Да, я молился, много молился, но один и безмолвно. Внезапно я вспоминаю, почему и за кого я молился. За маму и за отца. Я умолял Господа защитить их, позволить им вернуться, пусть даже больными, как можно скорее. По щеке моей скатывается слеза, затем другая. Они обжигают. Русский офицер склоняется ко мне и рукавом вытирает мне лицо. Он отдает приказ, который явно очень не нравится тощему и коренастому. Выпрямившись, он повторяет приказ. Второму венгерскому офицеру этого достаточно: он делает знак своим подчиниться и уйти. Русский офицер садится на разобранную кровать и велит мне сесть рядом.
— Я еврей, — говорит он нам. — Из Киева. Я убил много немцев и буду убивать еще, чтобы они расплатились за преступления, совершенные против нашего народа.
Он умолкает, и Илонка пользуется этим. На своем ужасном немецком она извиняется перед ним, что не может ничего ему предложить, так как…
Он прерывает ее:
— Я принесу вам провизию и уголь потом. Сначала расскажите мне, кто вы и чем занимаетесь…
Тогда мы начинаем рассказывать. О моем отце, о моей матери. О фашистском терроре. О жестокости нилашистов. Об облавах. Долгих ночных ожиданиях.
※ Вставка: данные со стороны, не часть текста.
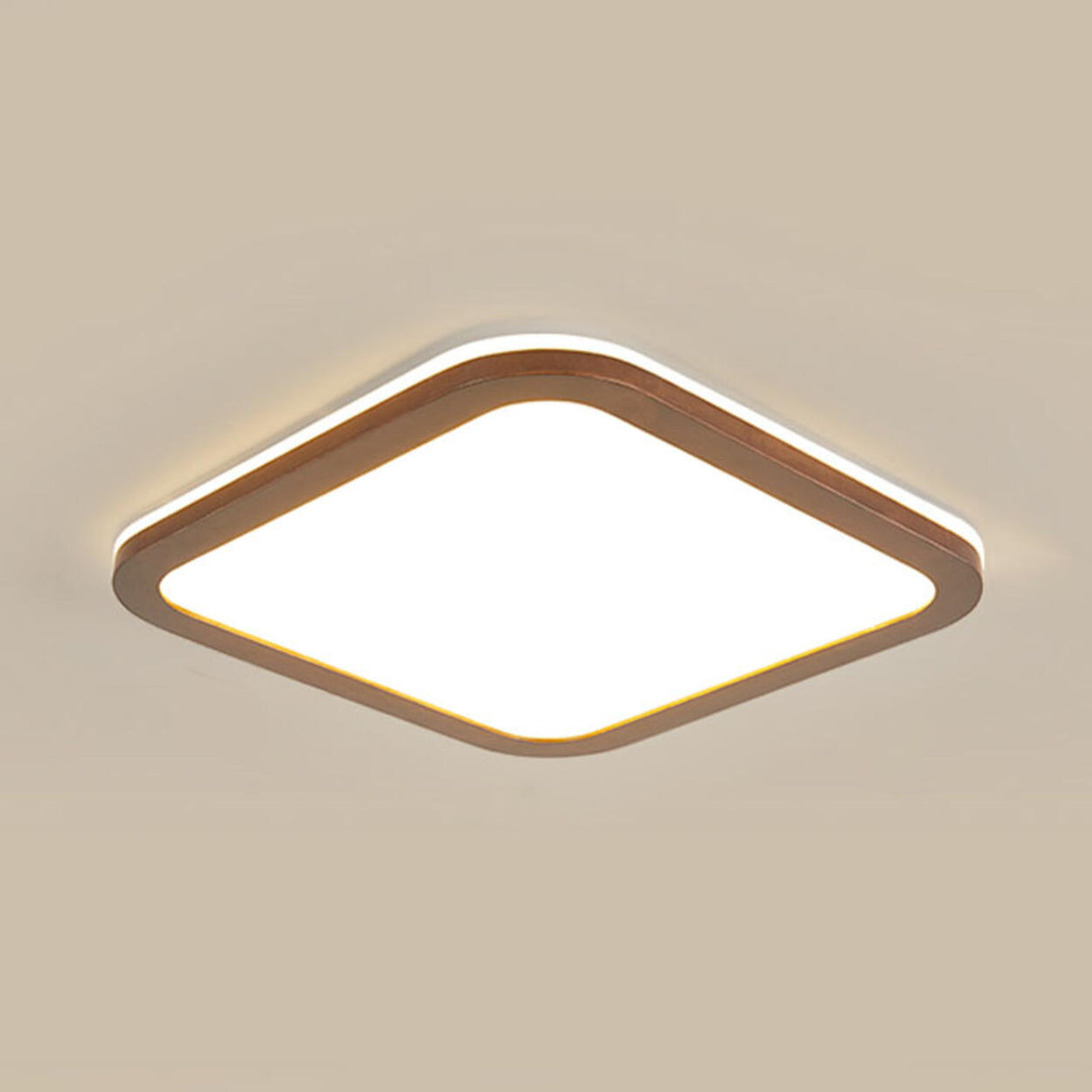 Minimalist Walnut Wood Circle Flush Mount Ceiling Light Image - 19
Вечерах в кабаре. О самоотверженности Илонки, согласившейся приютить меня. Два часа прошли, а мы все еще не кончили свой рассказ. Но русский офицер встает и говорит нам:
— Я должен вернуться в генеральный штаб. Днем я принесу все, что нужно. Перед дверью я поставлю солдата, который будет вас охранять.
Он сдержал слово. Принес нам хлеб, сахар, уголь, масло и две шубы — все это было реквизировано в роскошных домах, где всего месяц назад жили фашистские главари. Илонка целует меня в его присутствии и прижимает к груди.
— Спасибо, малыш. Ты защитил меня.
А меня, кто меня защитил? Мой отец? Моя молитва?
Русский офицер, капитан Толя, так его звали, стал заходить постоянно. Благодаря ему условия жизни Илонки и Гамлиэля улучшились: они находили их даже роскошными. В их скромной квартире теперь можно было жить. Тепло. Еды вдоволь. Главное же, защита. Илонка получила официальный документ и могла теперь не бояться доносов. Она поступила на работу в заведение, сходное с кабаре, где русские офицеры и венгерские коммунисты дружно пили за Красную Армию, распевали песни и отплясывали до утра. Если же какой-нибудь захмелевший командир начинал заигрывать, ей достаточно было назвать имя своего друга, и нахал мгновенно терял пыл.
Толя в кабаре бывал редко, предпочитая проводить вечера с Гамлиэлем. Он научил его играть в шахматы и решил прежде всего внушить ему идеалы коммунизма. Рассказывал о Сталине, величайшем гении века, если не всех веков, Верховном вожде, Великом учителе нескольких поколений революционеров, который прозревает все, знает все и даже больше, который может разбудить ночью того или иного поэта с единственной целью обсудить с ним его творчество.
— Но ты говоришь о нем так, как будто он Бог, — сказал ошеломленный Гамлиэль.
— Бога нет, — сухо ответил Толя. — Отныне ты не должен взывать к нему.
Гамлиэль не понимал:
— А мои молитвы? Те, которым научил меня отец? И ты тоже их знаешь, ведь ты…
— Да, я их знаю, — признал Толя. — Когда я был маленьким, меня научили куче дурацких вещей. Я вырос. Ты тоже вырастешь.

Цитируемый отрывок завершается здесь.